3 February 2025 at 14:08
Shadi Nayyer
Shadi Nayyer.

Angella Choe.

  • Shadi Nayyer has joined Meta in a new role focused on metaverse creator and developer relationships.
  • Nayyer's role overseeing ecosystem growth rolls up into the Reality Labs content organization.
  • Prior to joining Meta, Nayyer led global creator programs at TikTok.

Meta has tapped former TikTok exec Shadi Nayyer to oversee a new team that will build relationships with creators and developers in its metaverse division, Reality Labs.

Nayyer's new role leading ecosystem growth falls under the content organization within Reality Labs. She told Business Insider she'll initially focus on creators who develop inside its virtual-reality game Horizon Worlds and other metaverse apps.

She plans to hire a team of developer advocates, community leaders, and program managers to host hackathons, attend third-party events, and run competitions and other community programs. Over time, the work will expand into other parts of the division, such as augmented reality, Nayyer said.

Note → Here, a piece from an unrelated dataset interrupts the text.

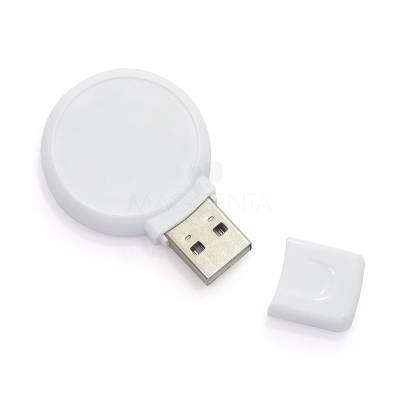 Pen Drive Plástico com Tampa Protetora Personalizado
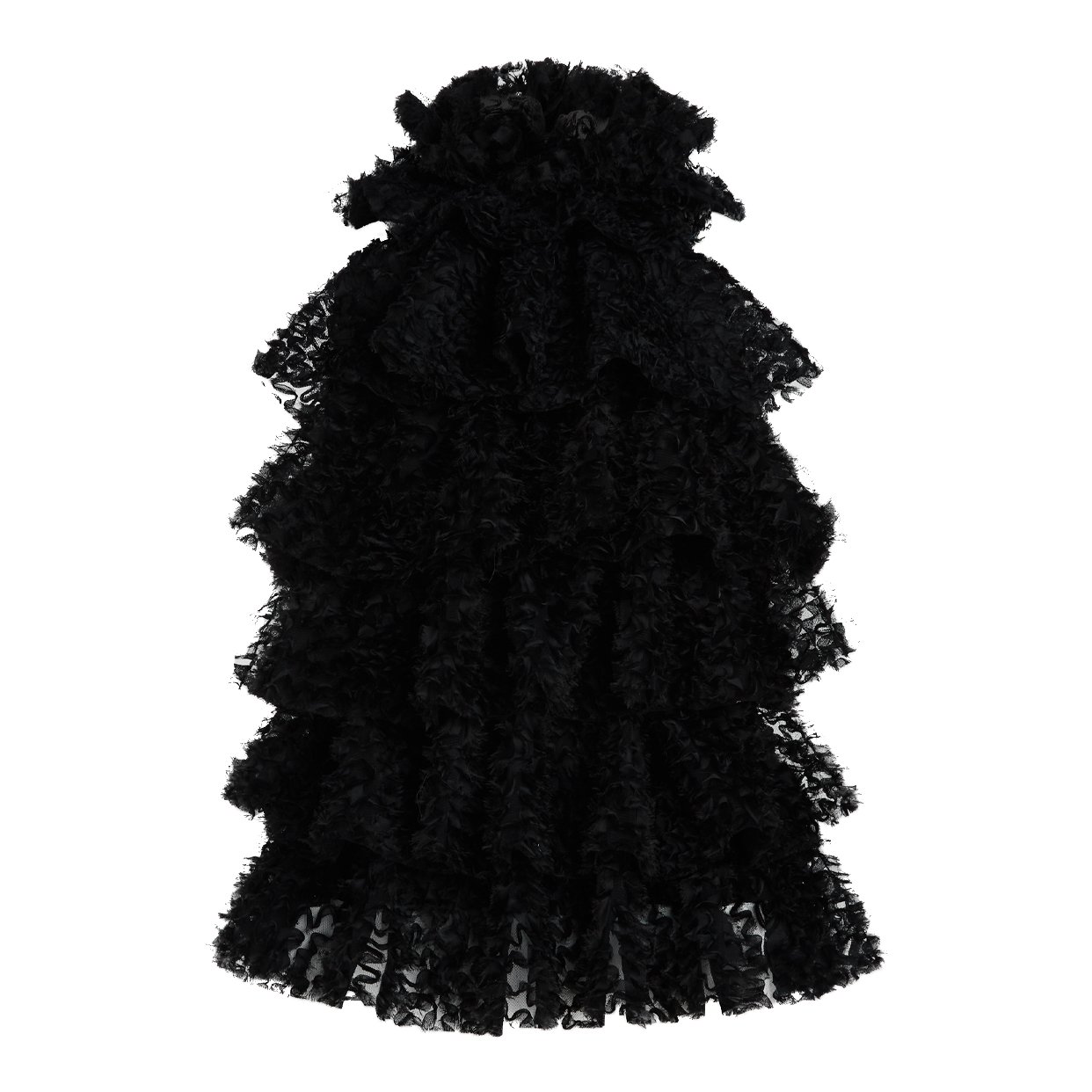 K/Studio Ruffle Top -Black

"A lot of what my focus is going to be on is essentially growing our developer creator ecosystem," she said. "Bringing on creators, builders, developers onto the Meta platform. Helping them learn about our products, about our tools, and just getting them into our various creator programs."

Nayyer was previously TikTok's head of creator programs.

Meta sees 2025 as a critical year for its metaverse work, per a recent internal memo from chief technology officer Andrew "Boz" Bosworth viewed by BI. Bosworth called out Horizon Worlds as an area of focus, saying that platform would need to "break out" for the company's long-term plans to come to fruition.

Horizon Worlds offers a mix of games, live events, and social features for Meta's Quest VR headsets, as well as mobile and desktop devices. In September, Meta product VP Aigerim Shorman said usage of the Horizon platform was up "5x compared to last year," and Horizon Worlds was a top-five app on the Quest 3 as measured by weekly users.

The company told investors during last week's fourth-quarter earnings that its Reality Labs unit hit $1.08 billion in revenue in the period. It expects operating losses in the division to increase in 2025, as they did in 2024.

Nayyer, who joined Meta last month, said her team will focus on driving up engagement from the metaverse developer community.

Prior to joining Meta, Nayyer oversaw creator programs and community at TikTok, where she worked on creator product marketing, partnerships, and community development, as well as its diversity, equity, and inclusion programming. Before that, Nayyer worked on community marketing at Twitch.

Meta and TikTok did not respond to requests for comment.